If you’re in a public place – a common breeding ground for tantrums – be prepared to leave with your child until she calms down.
“When my daughter was 2, she had an absolute fit at a restaurant because the plain spaghetti she ordered arrived with chopped parsley on it,” recalls one mother. “Although I realized why she was upset, I wasn’t about to let her disrupt everyone’s dinner. I took her outside until she calmed down.”
3. Use time-outs sparingly. Depending on the child, using a time-out occasionally, beginning at about the age of 18 months, may help him manage his feelings better when he has a tantrum. A time-out can be helpful when your child’s tantrum is especially intense and other techniques aren’t working. Placing your child in a quiet or – better yet – boring spot for a brief period (about one minute per year of his age) can be a good lesson in self-soothing.
Explain what you’re doing (“You’re going to have a time-out so you can calm down and Mommy is going to be right over there”) and let him know it’s not punishment. If he refuses to stay in time-out, simply place him back in the spot firmly but coolly and go about your business. Beyond making sure he’s safe, don’t interact or give him attention during the time-out.
4. Talk it over afterward. When the storm subsides, hold your child close and talk about what happened. Discuss the tantrum in very simple terms and acknowledge your child’s frustration. Help her put her feelings into words by saying something like, “You were very angry because your food wasn’t the way you wanted it.” Let her see that once she expresses himself in words, she’ll get better results. Say with a smile, “I’m sorry I didn’t understand you. Now that you’re not screaming, I can find out what you want.”
5. Let your child know you love him. Once your child is calm and you’ve had a chance to talk to him about his tantrum, give him a quick hug and tell him that you love him. It’s important to reward good behavior, including your child being able to settle down and talk things over with you.
6. Try to head off tantrum-inducing situations. Pay attention to which situations push your child’s buttons and plan accordingly. If she falls apart when she’s hungry, carry snacks with you. If she gets cranky in the late afternoon, take care of errands earlier in the day.
If she has trouble making a transition from one activity to the next, give her a gentle heads-up before a change. Alerting her to the fact that you’re about to leave the playground or sit down to dinner (“We’re going to eat when you and Daddy are done with your story”) gives her a chance to adjust instead of react.
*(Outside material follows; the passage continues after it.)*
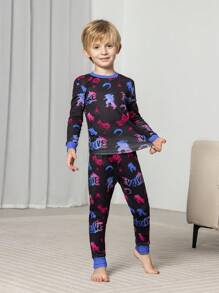 GODZILLAxKONG X SHEIN 2 pièces Ensemble de pyjama casual confortable avec Top à manches longues col rond et pantalon avec motif monstre jeune garçon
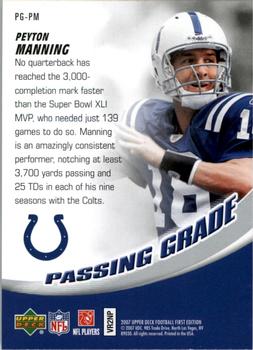 2007 Upper Deck First Edition - Passing Grade #PG-PM Peyton Manning Back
If you sense a tantrum is on the way, try distracting your child by changing locations, giving her a toy, or doing something she doesn’t expect, like making a silly face or pointing at a bird.
Your toddler is becoming more independent, so offer her choices whenever possible. No one likes being told what to do all the time. Saying, “Would you like corn or carrots?” rather than “Eat your corn!” will give her a sense of control.
Monitor how often you’re saying “no.” If you find you’re rattling it off routinely, you’re probably putting unnecessary stress on both of you. Try to ease up and choose your battles.
7. Watch for signs of overstress. Although daily tantrums are a perfectly normal part of the mid-toddler years, it’s a good idea to keep an eye out for possible problems. Has there been upheaval in the family? An extremely busy or harried period? Parental tensions? All of these can provoke tantrums.
If your child’s tantrums seem overly frequent or intense (or he’s hurting himself or others), seek help. Your doctor will discuss your child’s developmental and behavioral milestones with you at routine well-child checkups. These visits are good opportunities to talk about concerns you have about your child’s behavior, and they help to rule out any serious physical or psychological problems. Your doctor can also suggest ways to deal with the outbursts.
Also, talk to your doctor if your child has frightening breath-holding spells when he gets upset. There’s some evidence that this behavior is linked to an iron deficiency.